O Estado de S.Paulo soltou um caderno especial bastante esquisito nesta quarta. Em papel especial e sob o título Made in Brazil, o produto de 28 páginas em formato diferenciado (lembra o 3030, aqui citado algumas vezes) é um folhetim institucional da Agência Brasileira de Promoção de Exportações e Investimentos (doravante designada Apex), estatal sob responsabilidade de Miguel Jorge, ministro do Desenvolvimento, Indústria e Comércio Exterior.

As reportagens (são várias e envolveram produção de foto, em menor escala) são assinadas por freelances especialmente para o centenário jornal paulistano.

Os títulos são genéricos (enfraquecendo pautas que, a distância, pareceram boas, ao menos em seu conceito) e, no geral, tecem loas ao trabalho da agência pública.

O problema é que não há expediente nem a informação (talvez sobre a manjada tarja “informe publicitário”) sobre a motivação do caderno.

Quando publicitário tenta imitar jornal, o resultado é sempre uma catástrofe

Só hoje, lendo a coluna de Carlos Eduardo Lins da Silva na Folha de S.Paulo, fiquei sabendo do auto-atentado contra a credibilidade jornalística perpetrado pelos três grandes jornais brasileiros na semana passada (Estado de S.Paulo, Folha de S.Paulo e O Globo), que colocaram suas capas (inteiras, sob um constrangedor esclarecimento “capa promocional”) a serviço de um anunciante.

Consultei os alfarrábios aqui (sabiamente, os jornais durante a minha ausência foram “arquivados” na portaria do prédio) e fiquei estarrecido.

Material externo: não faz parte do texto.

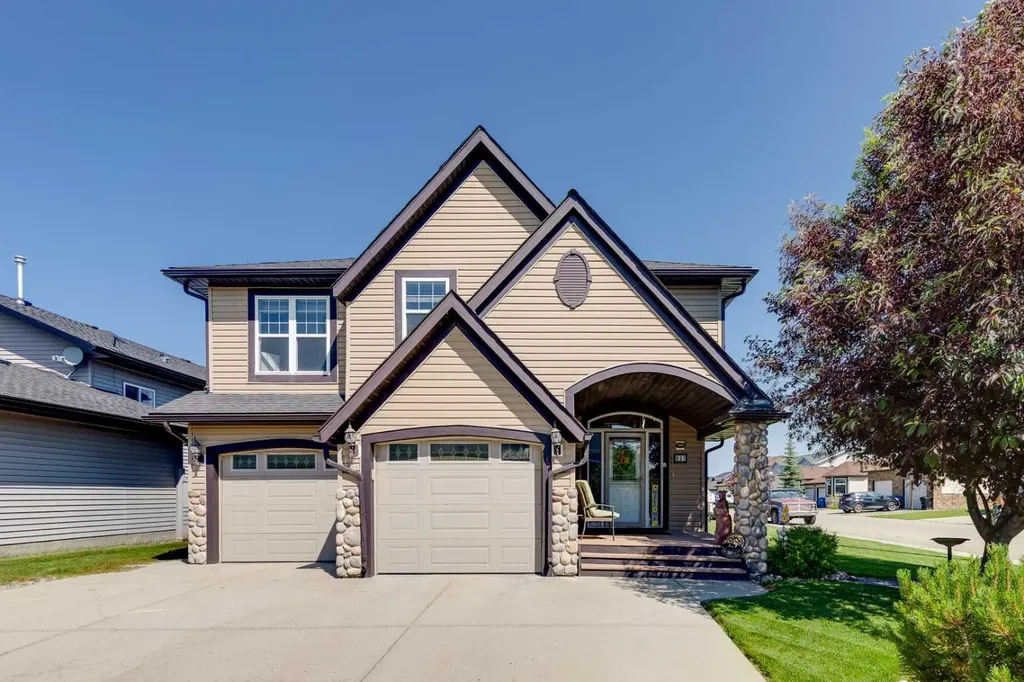 800 Carriage Lane Place N Carstairs AB T0M 0N0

O pior é que se trata de uma discussão muito antiga. É impossível que pessoas com experiência nesta profissão desconheçam o estrago que esse tipo de publicidade pode provocar entre seu público leitor.

Por isso, vou me prender a outro aspecto da questão: é bem verdade que a publicidade garante a tão decantada independência dos veículos jornalísticos, mas se torna ridícula quando tenta imitar o jornalismo. Falo especificamente do anúncio do Banco do Brasil que ofensivamente buscou, a exemplo de outras tantas peças desastradas desse tipo na história, imitar a primeira página dos dois principais jornais brasileiros.

Publicitário mal sabe fazer anúncio, imagine jornal. Se Estado e Folha fossem diagramados da forma como aparecem no anúncio do banco estatal, não passariam de jornalecos de fundo de quintal. Ali está tudo errado, e neste momento falo apenas do ponto de vista gráfico: fontes equivocadas, entrelinha incompatível, brancos insuportáveis em títulos, texto sem título, enfim, toda sorte de absurdos.

Nem entro no mérito do texto, porque afinal de contas ele não é jornalístico mesmo (apesar de os publicitários terem se achado o máximo ao pensar que estavam fazendo um lide).

Este novo episódio de subserviência dos jornais à publicidade também serve a nós, que estamos estudando mais de perto os projetos gráficos e suas implicações, como um ótimo exemplo de coisas a não serem feitas jamais se estivermos pensando em bom jornalismo. E me arriscaria a dizer aos publicitários que eles também, se estiverem pensando em boa publicidade, ou precisam riscar essa fórmula da caderneta ou aprender a fazê-la.